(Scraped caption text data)
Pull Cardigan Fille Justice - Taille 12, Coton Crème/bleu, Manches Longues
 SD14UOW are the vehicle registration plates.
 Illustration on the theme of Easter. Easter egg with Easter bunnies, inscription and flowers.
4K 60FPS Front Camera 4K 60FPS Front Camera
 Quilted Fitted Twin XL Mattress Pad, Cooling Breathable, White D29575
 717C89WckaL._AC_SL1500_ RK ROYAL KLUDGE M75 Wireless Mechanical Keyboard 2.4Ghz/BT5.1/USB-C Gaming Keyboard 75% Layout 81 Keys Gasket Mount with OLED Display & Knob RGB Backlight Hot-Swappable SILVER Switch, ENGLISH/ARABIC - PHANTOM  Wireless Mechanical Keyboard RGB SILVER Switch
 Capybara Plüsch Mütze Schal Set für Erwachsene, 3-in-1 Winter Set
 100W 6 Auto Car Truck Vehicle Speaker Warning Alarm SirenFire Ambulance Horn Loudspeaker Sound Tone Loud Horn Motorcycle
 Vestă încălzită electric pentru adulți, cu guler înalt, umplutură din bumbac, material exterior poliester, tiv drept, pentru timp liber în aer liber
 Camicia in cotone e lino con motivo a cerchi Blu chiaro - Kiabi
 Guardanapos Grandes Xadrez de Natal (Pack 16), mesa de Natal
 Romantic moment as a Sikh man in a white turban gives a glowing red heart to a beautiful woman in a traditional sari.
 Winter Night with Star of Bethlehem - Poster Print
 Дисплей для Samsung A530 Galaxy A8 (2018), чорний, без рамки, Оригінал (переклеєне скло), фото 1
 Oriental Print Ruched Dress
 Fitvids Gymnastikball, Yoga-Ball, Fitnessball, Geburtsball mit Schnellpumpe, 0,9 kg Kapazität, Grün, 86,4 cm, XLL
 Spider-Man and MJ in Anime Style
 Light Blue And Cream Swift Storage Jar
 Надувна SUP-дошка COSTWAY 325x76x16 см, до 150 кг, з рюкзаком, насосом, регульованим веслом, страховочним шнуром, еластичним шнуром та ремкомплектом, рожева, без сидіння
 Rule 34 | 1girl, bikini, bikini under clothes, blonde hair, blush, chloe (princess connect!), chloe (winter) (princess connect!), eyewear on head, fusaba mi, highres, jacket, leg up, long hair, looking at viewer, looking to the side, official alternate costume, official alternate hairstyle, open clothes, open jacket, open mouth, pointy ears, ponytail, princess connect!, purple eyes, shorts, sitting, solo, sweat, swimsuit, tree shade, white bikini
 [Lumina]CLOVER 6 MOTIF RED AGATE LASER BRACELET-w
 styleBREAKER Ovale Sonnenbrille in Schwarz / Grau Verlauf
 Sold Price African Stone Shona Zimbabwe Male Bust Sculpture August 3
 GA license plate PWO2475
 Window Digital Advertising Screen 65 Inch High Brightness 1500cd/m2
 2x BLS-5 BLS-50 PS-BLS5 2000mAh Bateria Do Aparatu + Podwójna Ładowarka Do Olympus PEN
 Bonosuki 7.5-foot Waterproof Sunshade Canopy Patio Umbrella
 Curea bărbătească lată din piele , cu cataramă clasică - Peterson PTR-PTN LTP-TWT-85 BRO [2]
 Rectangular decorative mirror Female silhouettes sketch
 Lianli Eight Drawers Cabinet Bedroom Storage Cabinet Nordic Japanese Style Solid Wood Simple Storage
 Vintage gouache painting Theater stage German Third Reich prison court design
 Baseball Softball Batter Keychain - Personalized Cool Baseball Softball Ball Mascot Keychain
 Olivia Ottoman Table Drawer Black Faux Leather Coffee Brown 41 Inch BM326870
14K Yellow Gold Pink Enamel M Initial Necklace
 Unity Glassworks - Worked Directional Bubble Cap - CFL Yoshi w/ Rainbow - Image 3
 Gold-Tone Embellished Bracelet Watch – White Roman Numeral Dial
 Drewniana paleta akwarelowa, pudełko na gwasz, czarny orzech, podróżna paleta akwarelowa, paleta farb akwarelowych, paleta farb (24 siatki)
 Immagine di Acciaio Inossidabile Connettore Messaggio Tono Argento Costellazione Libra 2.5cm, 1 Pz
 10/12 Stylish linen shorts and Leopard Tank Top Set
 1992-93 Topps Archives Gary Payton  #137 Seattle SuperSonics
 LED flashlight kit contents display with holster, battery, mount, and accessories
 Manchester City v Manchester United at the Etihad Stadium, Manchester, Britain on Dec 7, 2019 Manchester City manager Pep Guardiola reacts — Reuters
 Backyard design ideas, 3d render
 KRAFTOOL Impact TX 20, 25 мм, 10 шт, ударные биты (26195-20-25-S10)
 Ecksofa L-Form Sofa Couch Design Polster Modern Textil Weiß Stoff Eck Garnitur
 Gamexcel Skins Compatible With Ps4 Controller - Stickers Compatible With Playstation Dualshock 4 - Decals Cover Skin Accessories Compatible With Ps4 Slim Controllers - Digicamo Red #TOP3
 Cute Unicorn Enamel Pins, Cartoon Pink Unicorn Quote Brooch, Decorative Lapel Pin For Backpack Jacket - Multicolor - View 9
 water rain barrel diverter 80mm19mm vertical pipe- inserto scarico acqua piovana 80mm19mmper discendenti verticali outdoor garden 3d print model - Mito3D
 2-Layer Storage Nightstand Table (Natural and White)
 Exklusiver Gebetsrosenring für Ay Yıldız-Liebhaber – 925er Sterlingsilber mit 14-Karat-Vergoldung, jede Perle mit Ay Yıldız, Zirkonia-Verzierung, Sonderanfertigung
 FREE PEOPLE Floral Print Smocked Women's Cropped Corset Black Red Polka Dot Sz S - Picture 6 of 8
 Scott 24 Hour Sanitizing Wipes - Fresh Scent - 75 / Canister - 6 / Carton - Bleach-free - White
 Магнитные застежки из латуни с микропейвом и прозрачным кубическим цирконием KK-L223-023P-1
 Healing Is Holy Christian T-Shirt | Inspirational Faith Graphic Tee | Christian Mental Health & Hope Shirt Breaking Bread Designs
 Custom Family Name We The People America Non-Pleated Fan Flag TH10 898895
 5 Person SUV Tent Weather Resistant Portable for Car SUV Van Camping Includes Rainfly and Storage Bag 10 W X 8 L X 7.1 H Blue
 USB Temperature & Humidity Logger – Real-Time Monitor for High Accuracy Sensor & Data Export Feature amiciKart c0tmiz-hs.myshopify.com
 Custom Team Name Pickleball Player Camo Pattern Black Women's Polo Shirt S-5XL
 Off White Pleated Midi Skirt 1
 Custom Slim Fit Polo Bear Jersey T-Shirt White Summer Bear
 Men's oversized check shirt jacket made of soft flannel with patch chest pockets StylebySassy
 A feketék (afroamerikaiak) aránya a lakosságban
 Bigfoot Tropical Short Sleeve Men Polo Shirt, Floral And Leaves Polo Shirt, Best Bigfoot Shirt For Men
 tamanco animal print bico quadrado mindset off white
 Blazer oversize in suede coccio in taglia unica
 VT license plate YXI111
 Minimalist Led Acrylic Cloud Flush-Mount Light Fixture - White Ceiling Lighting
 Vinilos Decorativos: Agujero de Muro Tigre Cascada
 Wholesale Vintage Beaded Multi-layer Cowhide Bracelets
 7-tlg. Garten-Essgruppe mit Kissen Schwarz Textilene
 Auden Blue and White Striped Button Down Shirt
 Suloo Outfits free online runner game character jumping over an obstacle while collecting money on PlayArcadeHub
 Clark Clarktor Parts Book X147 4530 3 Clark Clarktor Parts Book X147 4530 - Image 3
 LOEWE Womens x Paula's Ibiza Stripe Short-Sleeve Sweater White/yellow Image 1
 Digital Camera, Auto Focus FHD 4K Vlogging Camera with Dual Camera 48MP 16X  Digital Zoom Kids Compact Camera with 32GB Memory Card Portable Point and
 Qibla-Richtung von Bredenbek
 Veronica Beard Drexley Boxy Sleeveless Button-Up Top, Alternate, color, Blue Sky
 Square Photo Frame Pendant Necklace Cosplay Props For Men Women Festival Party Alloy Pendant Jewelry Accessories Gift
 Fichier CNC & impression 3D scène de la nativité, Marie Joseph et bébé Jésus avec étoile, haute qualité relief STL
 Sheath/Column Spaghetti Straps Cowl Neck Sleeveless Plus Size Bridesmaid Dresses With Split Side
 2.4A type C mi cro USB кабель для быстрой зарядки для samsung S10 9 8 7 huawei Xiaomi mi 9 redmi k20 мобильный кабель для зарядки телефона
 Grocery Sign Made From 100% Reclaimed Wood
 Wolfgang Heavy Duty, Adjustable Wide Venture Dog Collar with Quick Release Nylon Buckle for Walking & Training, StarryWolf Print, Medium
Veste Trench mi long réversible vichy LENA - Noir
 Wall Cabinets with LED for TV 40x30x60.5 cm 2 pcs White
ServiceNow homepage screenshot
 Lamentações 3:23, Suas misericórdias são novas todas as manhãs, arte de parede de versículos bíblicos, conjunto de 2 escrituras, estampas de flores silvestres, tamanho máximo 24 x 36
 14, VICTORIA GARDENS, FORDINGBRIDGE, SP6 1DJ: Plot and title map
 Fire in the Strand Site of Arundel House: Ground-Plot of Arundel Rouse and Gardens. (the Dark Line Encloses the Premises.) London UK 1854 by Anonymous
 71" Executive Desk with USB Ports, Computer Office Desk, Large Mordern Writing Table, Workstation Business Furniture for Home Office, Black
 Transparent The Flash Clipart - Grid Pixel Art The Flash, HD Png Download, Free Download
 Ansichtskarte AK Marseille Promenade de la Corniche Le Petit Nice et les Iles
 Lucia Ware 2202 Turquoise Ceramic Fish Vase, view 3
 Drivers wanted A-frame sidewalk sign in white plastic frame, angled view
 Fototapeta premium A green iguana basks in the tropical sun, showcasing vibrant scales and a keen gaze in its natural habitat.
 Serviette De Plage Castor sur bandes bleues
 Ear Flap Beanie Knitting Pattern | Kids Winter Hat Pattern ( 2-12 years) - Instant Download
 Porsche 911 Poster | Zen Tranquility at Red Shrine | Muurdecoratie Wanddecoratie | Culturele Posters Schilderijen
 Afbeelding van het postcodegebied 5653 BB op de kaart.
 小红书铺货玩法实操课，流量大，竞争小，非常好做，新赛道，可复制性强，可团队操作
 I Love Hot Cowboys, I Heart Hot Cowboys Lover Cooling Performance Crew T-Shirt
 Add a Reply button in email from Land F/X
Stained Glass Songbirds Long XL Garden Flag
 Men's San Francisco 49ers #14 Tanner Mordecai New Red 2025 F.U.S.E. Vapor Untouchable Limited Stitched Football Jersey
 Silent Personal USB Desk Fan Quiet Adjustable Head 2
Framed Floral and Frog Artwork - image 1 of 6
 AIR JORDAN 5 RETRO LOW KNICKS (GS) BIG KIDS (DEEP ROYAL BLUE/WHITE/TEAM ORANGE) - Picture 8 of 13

Problem requirements: Among the records above, find each line containing the string "ROYAL" and copy it.

Your solution:
 717C89WckaL._AC_SL1500_ RK ROYAL KLUDGE M75 Wireless Mechanical Keyboard 2.4Ghz/BT5.1/USB-C Gaming Keyboard 75% Layout 81 Keys Gasket Mount with OLED Display & Knob RGB Backlight Hot-Swappable SILVER Switch, ENGLISH/ARABIC - PHANTOM  Wireless Mechanical Keyboard RGB SILVER Switch
 AIR JORDAN 5 RETRO LOW KNICKS (GS) BIG KIDS (DEEP ROYAL BLUE/WHITE/TEAM ORANGE) - Picture 8 of 13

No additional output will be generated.